I cannot believe it this long to compare those who don't support fracking to Nazis. Nazis aren't the only ones to have ever used propaganda, which is a very subjective term. I would venture to say Sara Palin, Rush Limbough (sp?), and Glen Beck are propagandists as well. Or is rhetoricians. Either way all of this type of BS gets far away from the real debate: "Do the rewards of fracking justify the risks and costs?" At least that is the question I care about.
 
I believe the Nazi's would have perfected gas exploration if just given the chance...Ahhhh what could have been.
 
I cannot believe it this long to compare those who don't support fracking to Nazis. Nazis aren't the only ones to have ever used propaganda, which is a very subjective term. I would venture to say Sara Palin, Rush Limbough (sp?), and Glen Beck are propagandists as well. Or is rhetoricians. Either way all of this type of BS gets far away from the real debate: "Do the rewards of fracking justify the risks and costs?" At least that is the question I care about.
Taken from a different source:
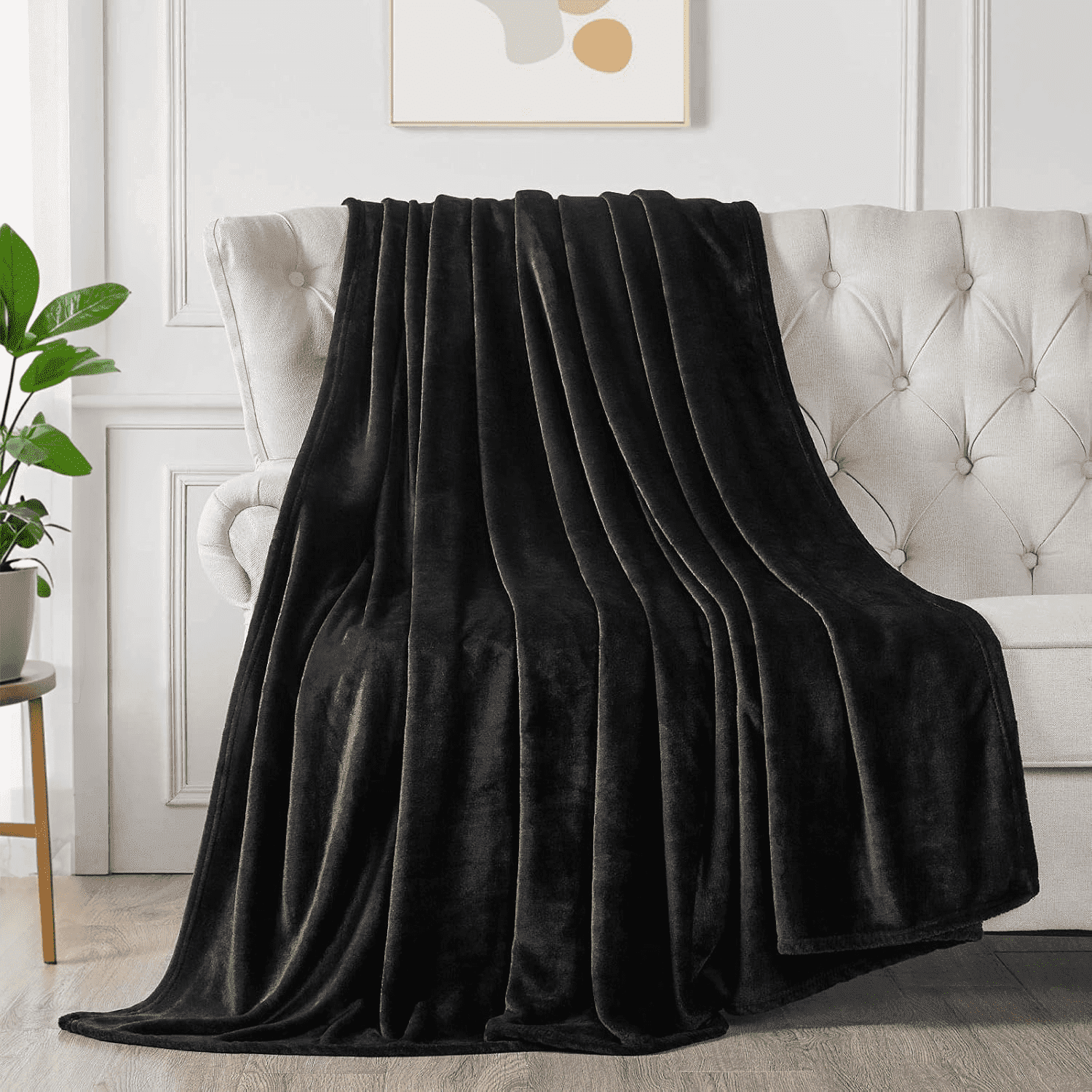 Throw Size Blanket, Luxury Plush Cozy Fuzzy Fleece Blanket, Super Soft Warm Big Lightweight Throw Blanket All Seasons Suitable, Versatile Th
I'm sorry, it came from from the site he sent me to. I was not comparing antis to nazis, but one propagandist to another infamous one. Hey, did you point out the nazi thing when the pro drillers were subjected to that treatment before. I'll answer for you; no you didn't. Funny, huh?

As to your question, yes. All the people in NYC and NJ who are burning fracked gas from PA and WV are voting yes with their dollars.

Here's a question for you, 35,000 people die every year due to motor vehicle accidents, hundreds of thousands are maimed and injured. Hundreds of thousands of deaths worldwide are sped along by the pollutants in exhaust as well as being a contributor to global warming. Is it worth the risks to use motor vehicles? Do you(would you) put your kids in one of those death traps?
 
I am trying to stay out of the fracking frackus but, FF using one potentially dangerous activity to justify another potentially dangerous activity is silly.
 
I am trying to stay out of the fracking frackus but, FF using one potentially dangerous activity to justify another potentially dangerous activity is silly.

You've said this before. And I've said that I'm not using it to justify the other, but to point out the hypocrisy of one who would be against one risky activity while engaging in activities which have proven risks more dire than the activity they are against. I think THAT is silly. :)
 
The hypocrisy: So in order to drive a car and not be a hypocrite, do I need condone all potentially risky activities?

Or should I try to balance the risk with the reward on a case-by-case basis using my great big brain. At least until it stops getting in the way and my stupid hands become flippers.